Now, not all immigration from Mexico is from Mexicans. A relatively recent example of this would be Haiti, where Haitians fleeing their country’s current strife used the Mexican border to illegally enter the United States. Mexico serves a similar role as a launching pad for countries like Guatemala and Honduras. Which does not follow international protocol for claiming asylum. You are supposed to claim asylum in the first country you enter. So yes, this is true, Mexicans are not the sole problem at our southern border. But there’s still an awful lot of Mexicans immigrating to the States. Approximately 6.6 million Mexicans reside here illegally based on 2017 statistics. For perspective, Mexico is a country of approximately 130 million.

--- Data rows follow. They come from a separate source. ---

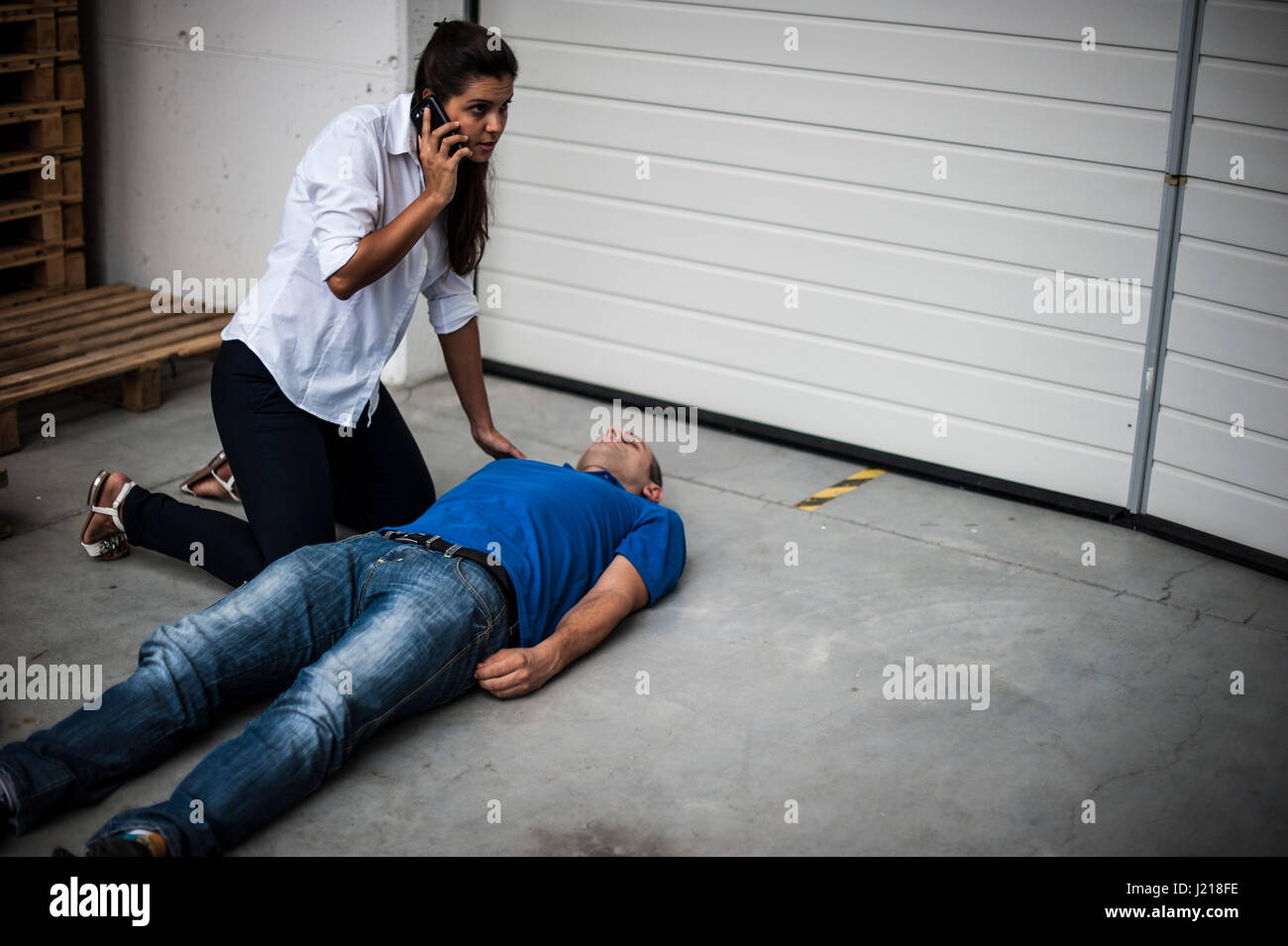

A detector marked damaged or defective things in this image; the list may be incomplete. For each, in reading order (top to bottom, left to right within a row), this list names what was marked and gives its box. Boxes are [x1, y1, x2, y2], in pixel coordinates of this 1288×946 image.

cracked concrete [0, 358, 1282, 859]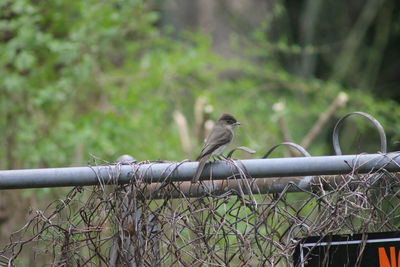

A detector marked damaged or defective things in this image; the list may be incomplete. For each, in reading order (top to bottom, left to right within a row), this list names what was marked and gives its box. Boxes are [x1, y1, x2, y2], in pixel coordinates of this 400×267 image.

rusty wire [0, 112, 400, 266]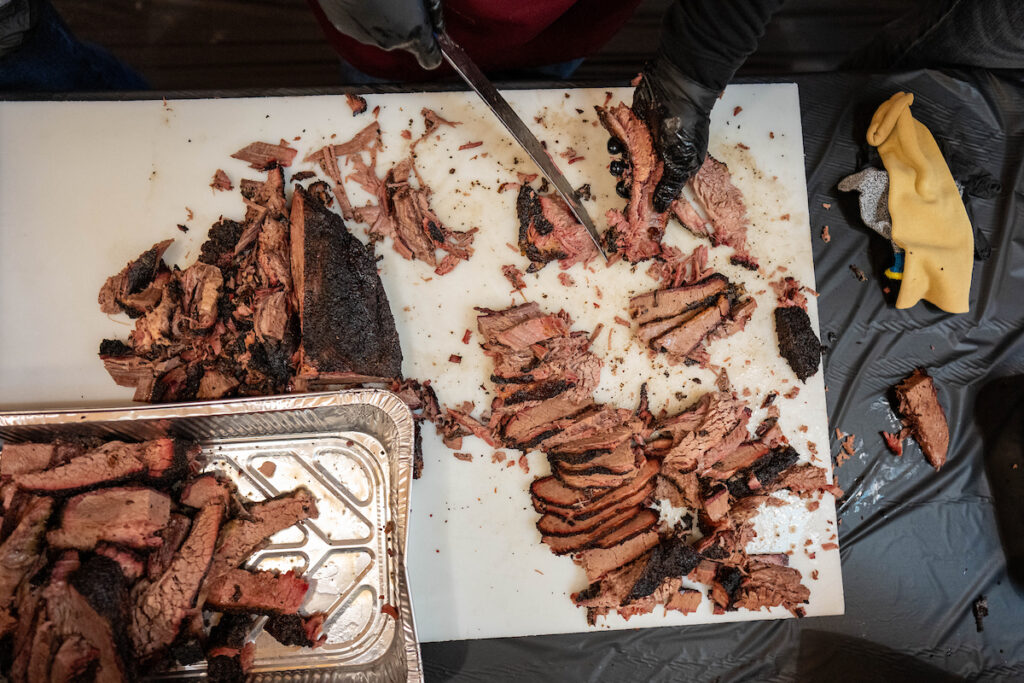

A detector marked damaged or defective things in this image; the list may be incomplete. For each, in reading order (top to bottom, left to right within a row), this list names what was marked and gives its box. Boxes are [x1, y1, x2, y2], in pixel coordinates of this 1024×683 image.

burnt end piece [292, 187, 403, 378]
burnt end piece [770, 307, 819, 382]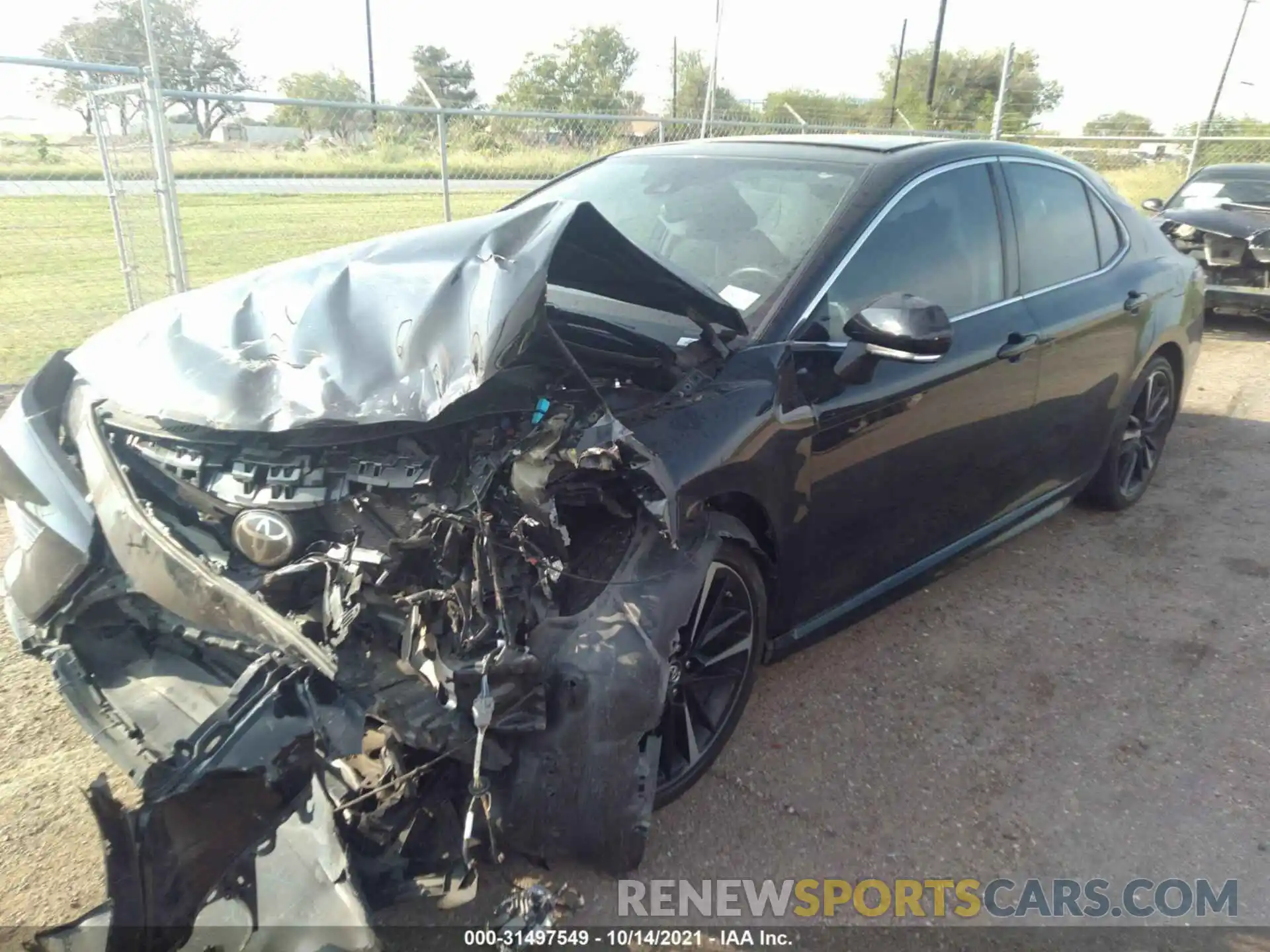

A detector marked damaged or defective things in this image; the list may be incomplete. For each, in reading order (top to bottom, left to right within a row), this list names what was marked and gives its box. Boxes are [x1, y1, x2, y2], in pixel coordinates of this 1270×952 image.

crushed hood [69, 198, 746, 434]
crumpled metal [69, 198, 746, 434]
another wrecked car [1148, 165, 1270, 321]
crushed hood [1154, 205, 1270, 239]
destroyed front end [0, 197, 751, 947]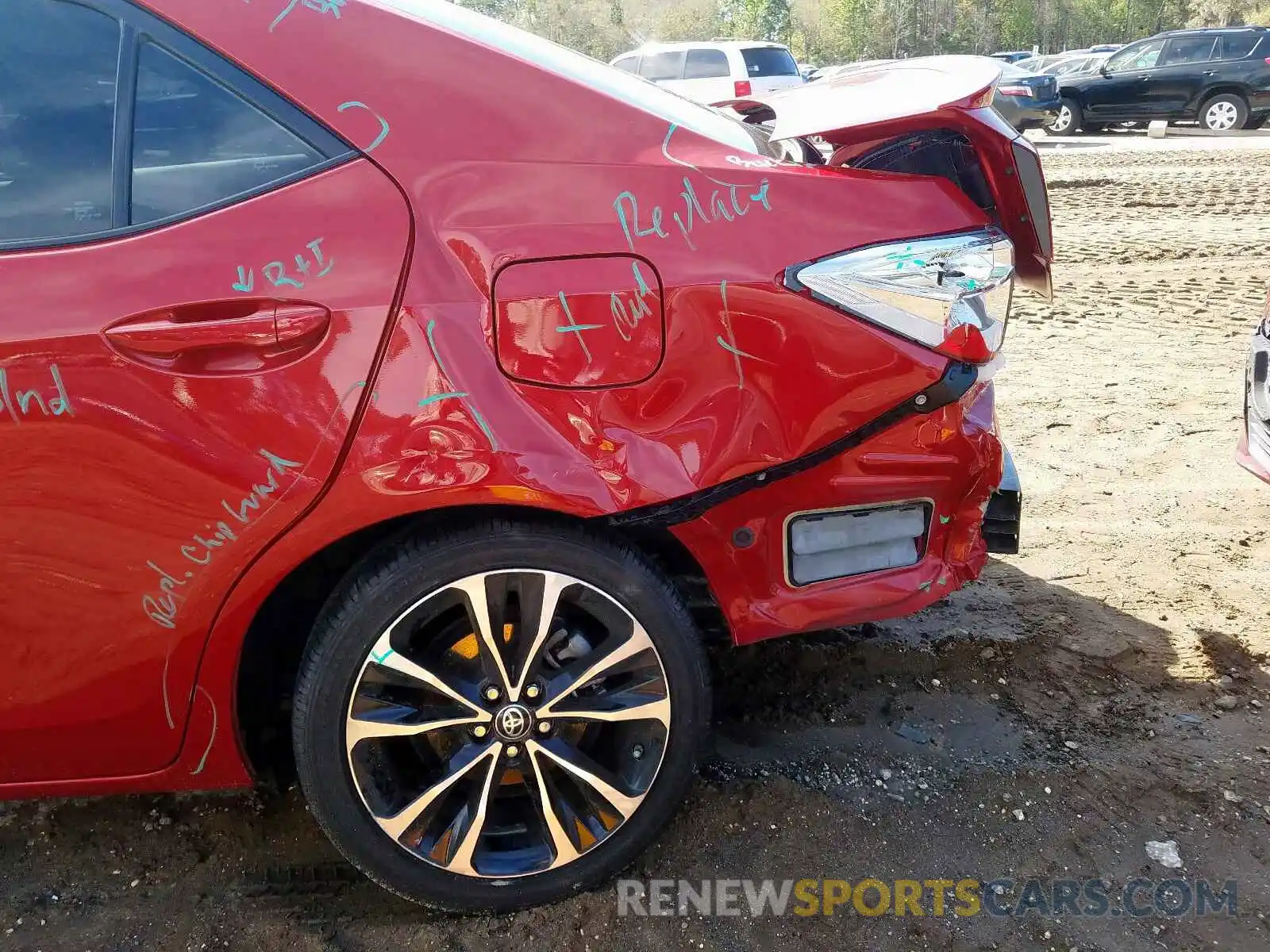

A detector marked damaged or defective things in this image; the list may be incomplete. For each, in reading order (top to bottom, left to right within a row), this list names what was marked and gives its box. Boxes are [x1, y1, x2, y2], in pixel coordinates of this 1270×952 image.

damaged red sedan [0, 0, 1051, 914]
damaged rear bumper [665, 368, 1010, 644]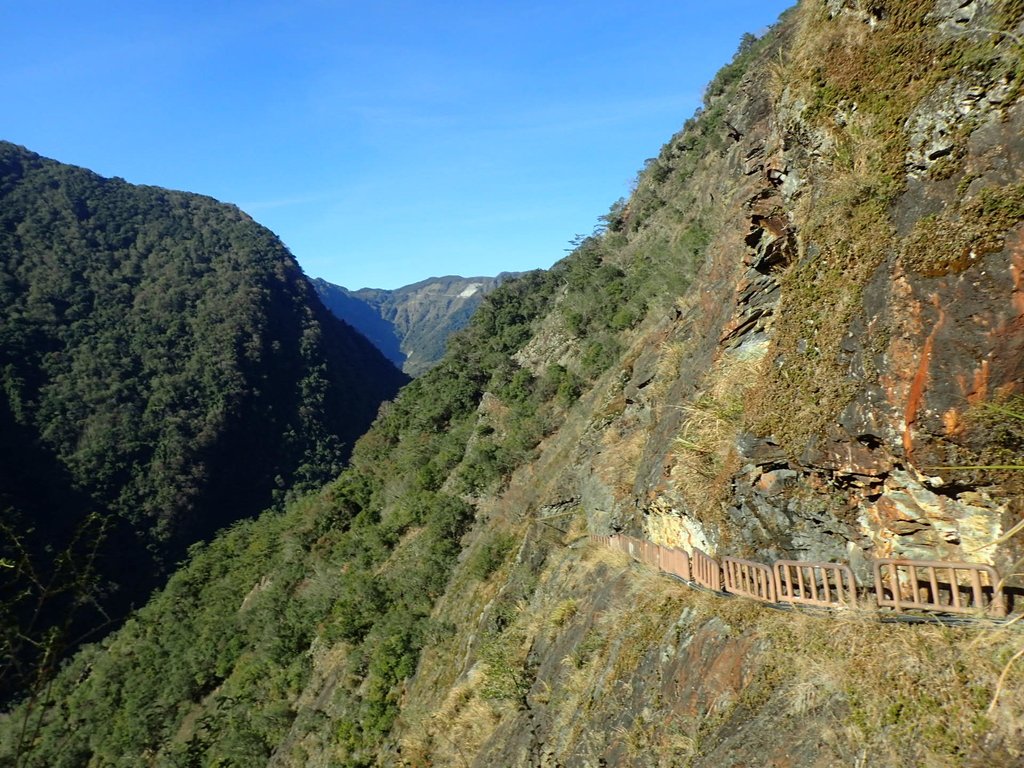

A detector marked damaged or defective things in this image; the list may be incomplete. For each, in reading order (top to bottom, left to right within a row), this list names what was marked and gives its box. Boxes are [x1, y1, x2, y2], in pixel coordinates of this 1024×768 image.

rusty metal railing [692, 548, 724, 593]
rusty metal railing [720, 557, 774, 606]
rusty metal railing [774, 561, 856, 610]
rusty metal railing [872, 561, 1007, 618]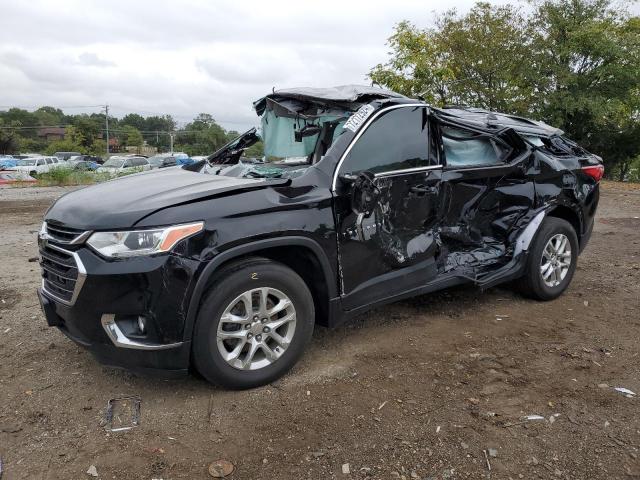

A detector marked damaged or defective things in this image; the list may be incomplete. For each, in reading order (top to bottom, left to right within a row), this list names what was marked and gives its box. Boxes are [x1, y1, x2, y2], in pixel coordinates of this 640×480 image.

shattered side window [340, 107, 430, 176]
shattered side window [440, 126, 500, 168]
damaged black suv [37, 85, 604, 386]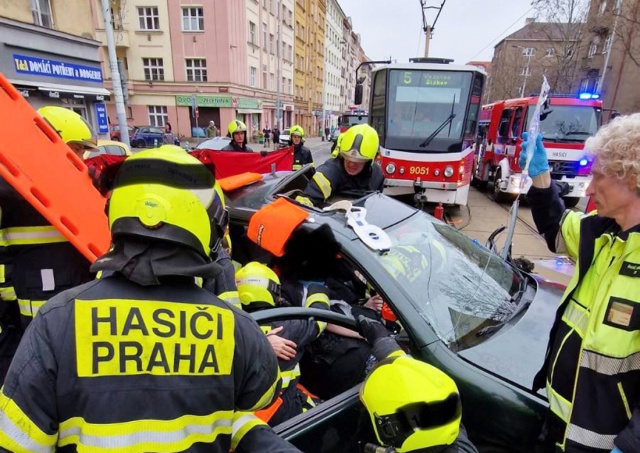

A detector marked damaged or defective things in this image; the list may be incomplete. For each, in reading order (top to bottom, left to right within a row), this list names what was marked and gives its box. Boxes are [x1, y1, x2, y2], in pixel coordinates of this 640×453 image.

All countries have border security. All countries have an immigration policy. Anyone arguing otherwise or thinking the United States should be an exception is foolish. We do have immigration policies in place, unfortunately we’re not very good about enforcing them. But this topic isn’t about the crime that comes with illegal immigration, or the drugs, or human trafficking, or any of the problems you’ve heard on the news a thousand times. No, this is about how immigration, legal or illegal, hurts Mexico.

Mexico could be one of the greatest nations on Earth. It has agriculture, it has industry, it even has relatively low taxes. Mexico also has a $2.4 trillion economy, the 11th largest in the world. That’s nothing to sneeze at, but imagine if it were better? On paper, Mexico is a perfect country. The only thing stopping Mexico from being top-tier is corruption. Massive, massive corruption. Anyone who is only familiar with Mexico via their spring break alcohol binge knows nothing about the true state of Mexican life. Real income inequality, not the income inequality that champagne socialists complain about here. In Mexico, it isn’t uncommon to encounter someone who is literally living on dirt, whose neighbor has 500 armed security guards around their gated mansion and makes more money in one week than I will in my entire life.

The Mexican government is massively corrupt. Drug dealers and human traffickers are basically an armed wing of the Mexican government. In many ways, the cartels are the government, and they have a vested interest in keeping their people destitute. It is not safe in Mexico. Sure, there are places to live that are as safe as the U.S., but it is also not uncommon to be forced to pay a police officer to gain entry to another city. Or for any reason, really. Bribing officers is common policy in Mexico. It is also not uncommon to be caught in the crossfire between rival drug lords. All of this is protected and encouraged by the corrupt Mexican government. It is not a great place to live for the vast majority of their population, and it’s easy to see why so many would rather be here.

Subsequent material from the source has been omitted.